Marijuana: Paralyzed MMJ patient plans Supreme Court appeal over DISH sacking

brandon coats 205x205.jpg
Photos, documents below.
Last year, Brandon Coats, a paralyzed medical marijuana patient fired by DISH for failing a drug test, filed a complaint over the issue in Arapahoe District Court. When he lost there, attorney Michael Evans brought the case to the Colorado Court of Appeals.

Now, those jurists have also rejected Coats's argument. But Evans says he and Coats aren't done fighting.

Next hoped-for stop: the Colorado Supreme Court. Details and documents below.

As we've reported, Coats, who's in his thirties, is paralyzed over 80 percent of his body. At age sixteen, he was a passenger in a vehicle that crashed into a tree.
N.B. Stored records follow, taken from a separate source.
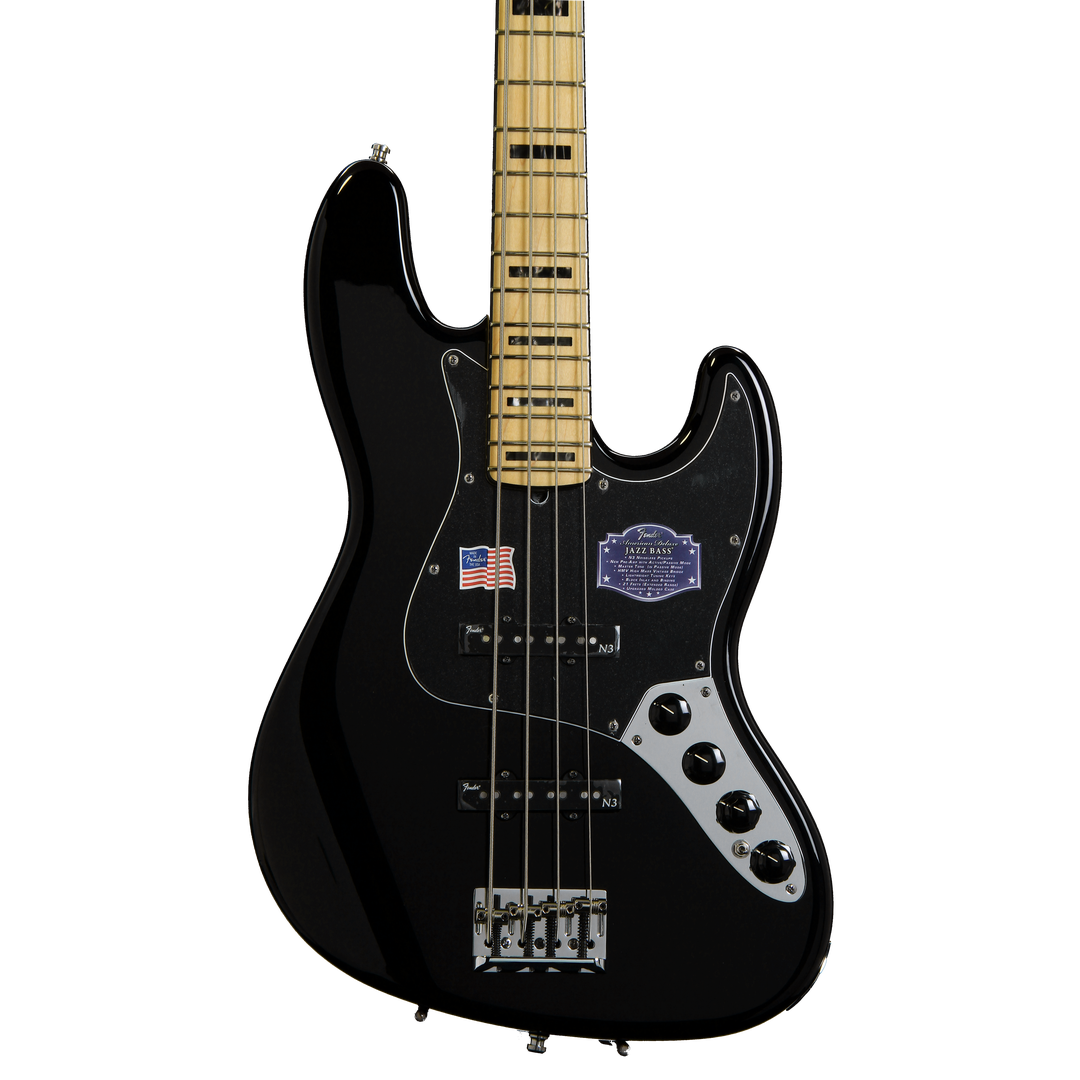 54ebb747b4lfdiPSxFJxTpLnHC4LaF 54ebb747b4lfdiPSxFJxTpLnHC4LaF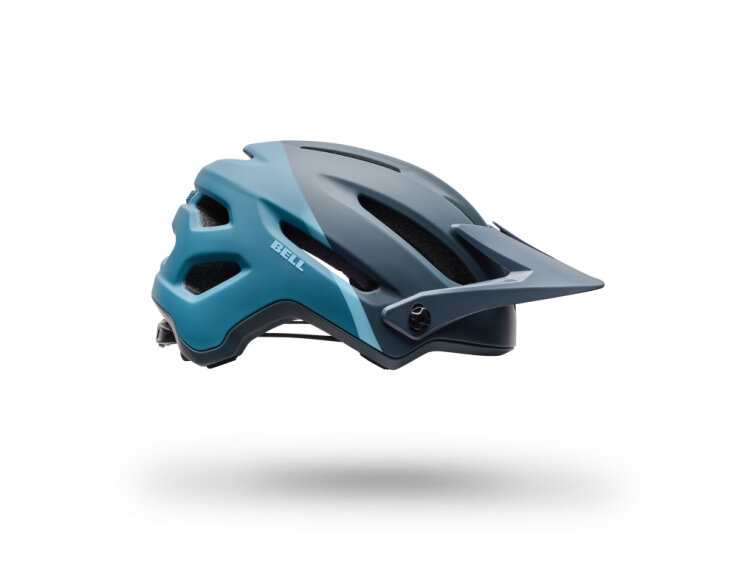 Bell helma 4Forty MIPS (Teal)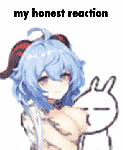 80911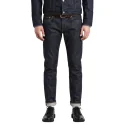 LEVI'S - Jean 511 Slim - bleu foncé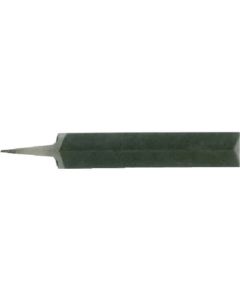 Feather Edge Saw Files 1เส้น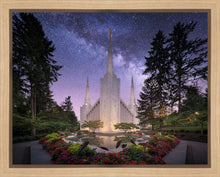 Load image into Gallery viewer, Portland Celestial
Since then, Coats has used a wheelchair to get around, but he's fully capable of working -- and in 2007, he was hired by DISH as a customer service representative. Over the years that followed, his original lawsuit contends that prescription medicine Coats took to treat involuntary muscle spasms began to fail. When searching for a way to deal with these symptoms, his physicians recommended that he supplement his regimen with medical marijuana. He received his state-issued license for MMJ in August 2009 and found that cannabis helped alleviate his spasms. However, the complaint stresses that he never used marijuana at work, during work hours or anywhere on the company's premises.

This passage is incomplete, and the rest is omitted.